Pennsylvanie, envoyée spéciale

C'est presque sur un coup de tête, début septembre, que deux jeunes New-Yorkaises, Lyra Kylston et Quinn Latimer, ont envoyé chacune à une vingtaine de leurs amies un courriel en forme de lettre ouverte. Il avait pour titre : "Voici quelque chose de positif que nous pouvons faire !" et commençait ainsi :

"Amies et compatriotes, Nous vous écrivons à cause de la colère et de l'effroi que nous avons ressentis à l'annonce du choix de Sarah Palin comme candidate à la vice-présidence des Etats-Unis pour le Parti républicain. Nous croyons que cette terrible décision (...) est une farce dangereuse - de la part d'un candidat sans gouvernail - qui a une réelle possibilité de devenir un fait."
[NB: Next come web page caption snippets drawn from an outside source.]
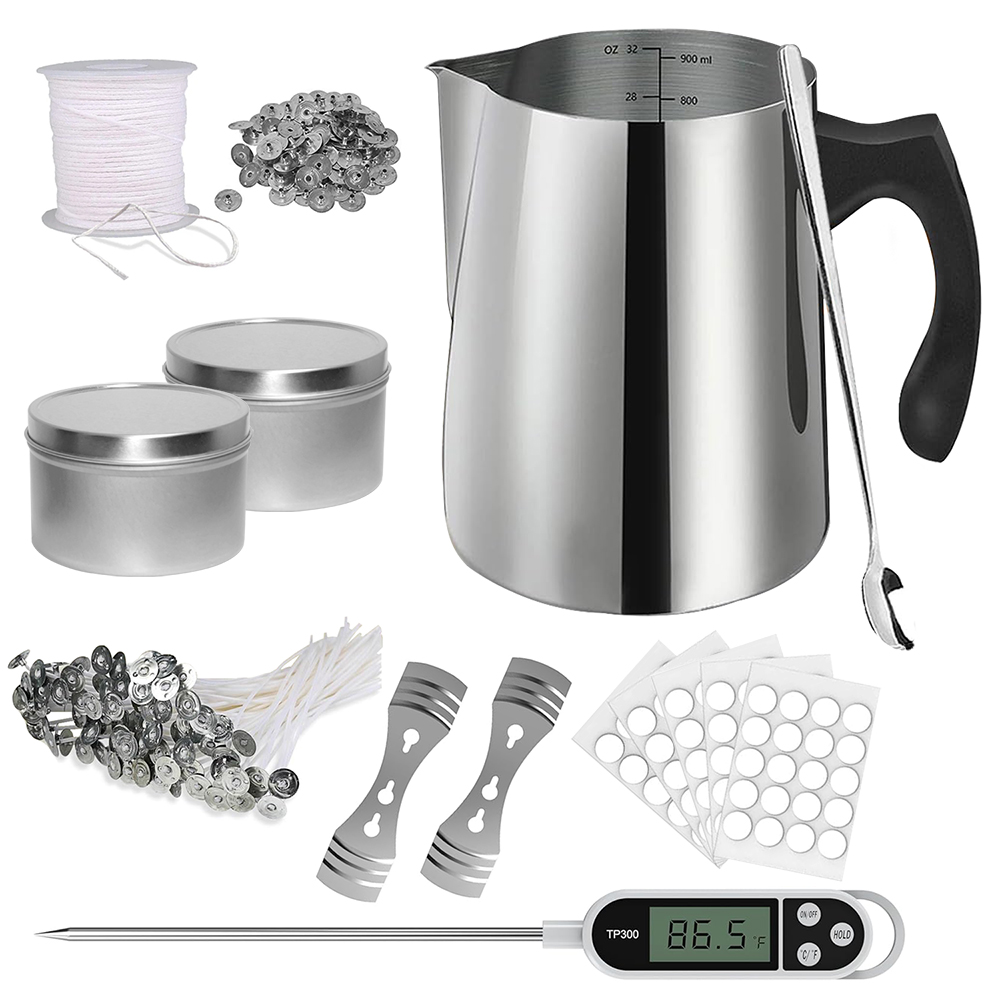 Forniture per kit iniziale per - Candle Supplies Jars recensione e prezzo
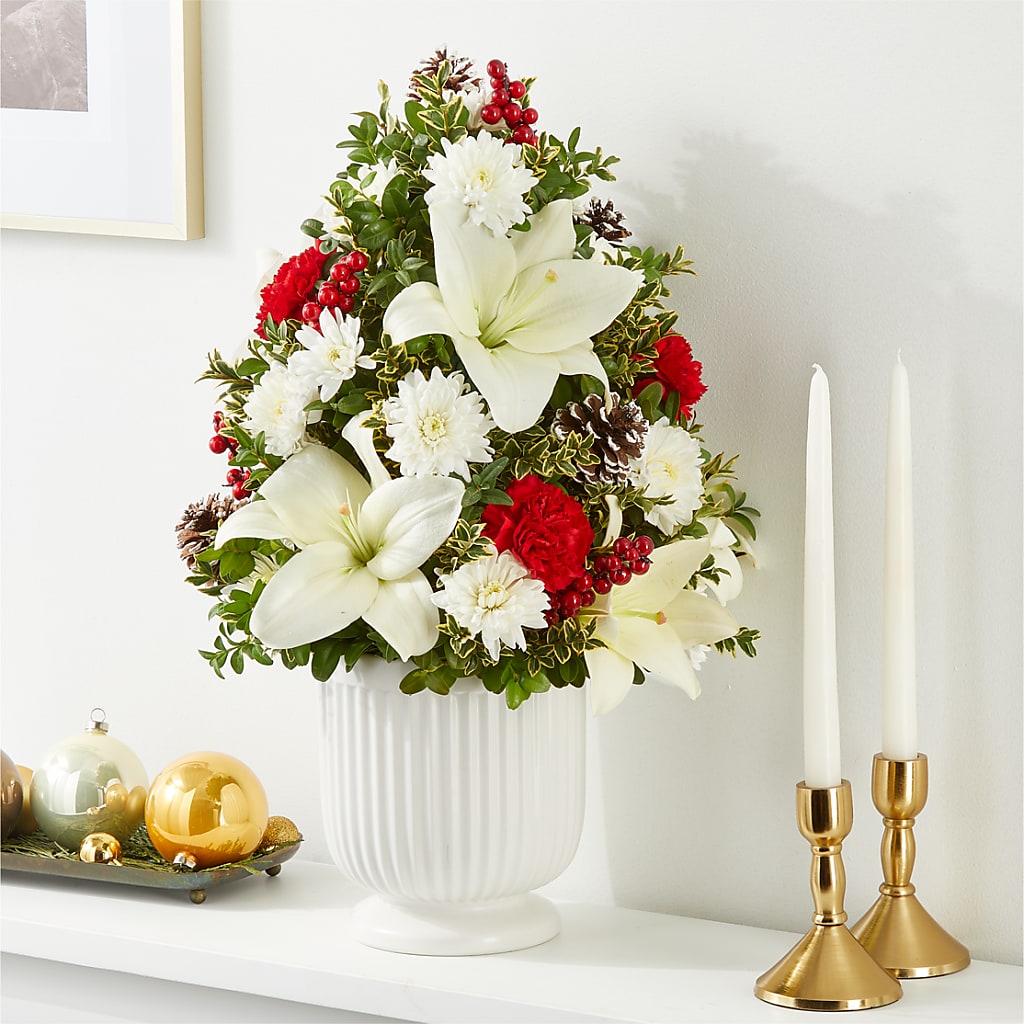 Festive Moments Tree –  Moda Flowers, Guaynabo PR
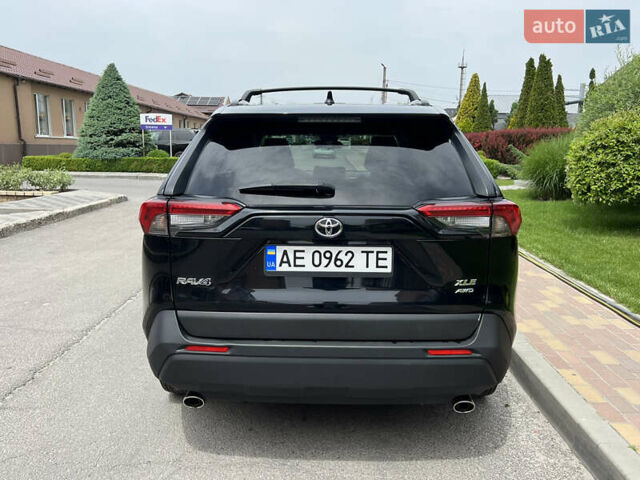 Черный Тойота РАВ 4, объемом двигателя 2.49 л и пробегом 50 тыс. км за 23800 $, фото 4 на Automoto.ua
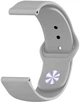 Ремінець BeCover для Samsung Galaxy (20mm)/Watch 5/ Watch 4 40/44mm/Watch 4 Classic 42mm/Watch Active/Active 2 40/44mm/Watch 3 41mm/Gear S2/Classic/Gear Sport Light Grey (BC_710497) - зображення 2
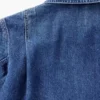 Chemise en denim zippée GAP × Victoria Beckham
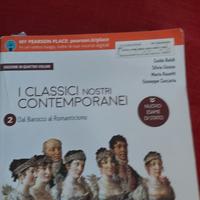 libro di testo i classici nostri contemporanei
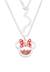 Collier minnie mouse birthstone Beige+Blanc+Bleu+Bleu Ciel+Bleu foncé+Bleu vert+Jaune+Orange+Rouge+Vert+Violet 16 - vertbaudet enfant 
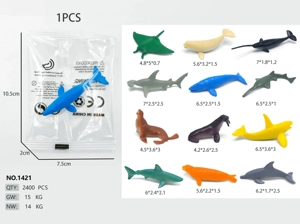 Marine Animals Series B (12 mixed pieces)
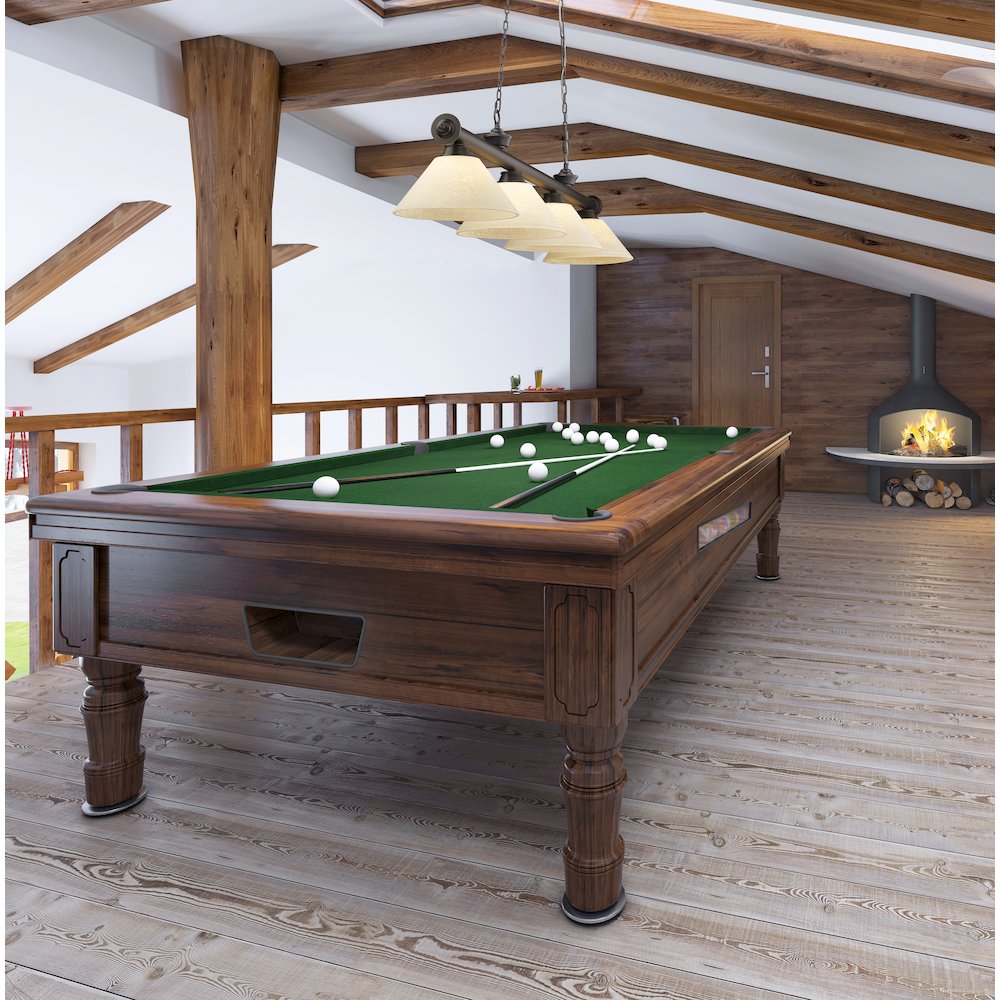 Z-Lite Cordon 4 Light Billiard, Steel Frame, Golden Mottle Shade Color. Picture 7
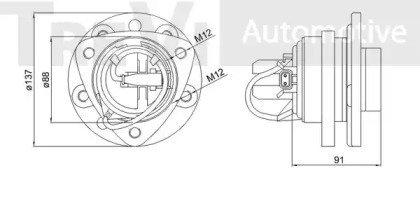 TREVI AUTOMOTIVE WB1872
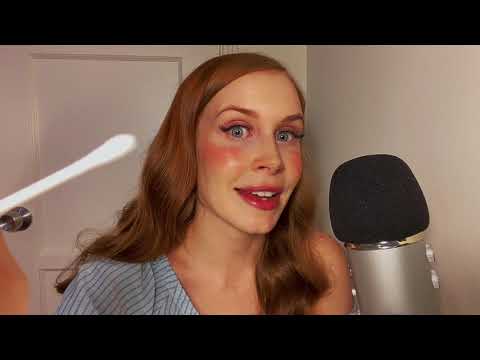 *ASMR* Chatty On-Set Make-Up Artist👂Talks Your Ear Off 👂 Re: The ROMANOVS ((100% Whispered Ramble))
Le texte énumérait les positions "effrayantes" de la gouverneure de l'Alaska contre l'avortement, la liberté de parole, le contrôle des armes, la séparation de l'Eglise et de l'Etat et même... les ours polaires, affirmant qu'il s'agissait d'une "gifle aux victoires acquises par nos mères et grands-mères au prix de combats acharnés". "Mme Palin, concluait-il, ne nous représente pas." Et, pour exprimer leur révolte devant la manoeuvre républicaine visant à attirer les votes féminins, les femmes étaient invitées à répondre, leurs témoignages devant paraître dans le blog Les femmes contre Sarah Palin.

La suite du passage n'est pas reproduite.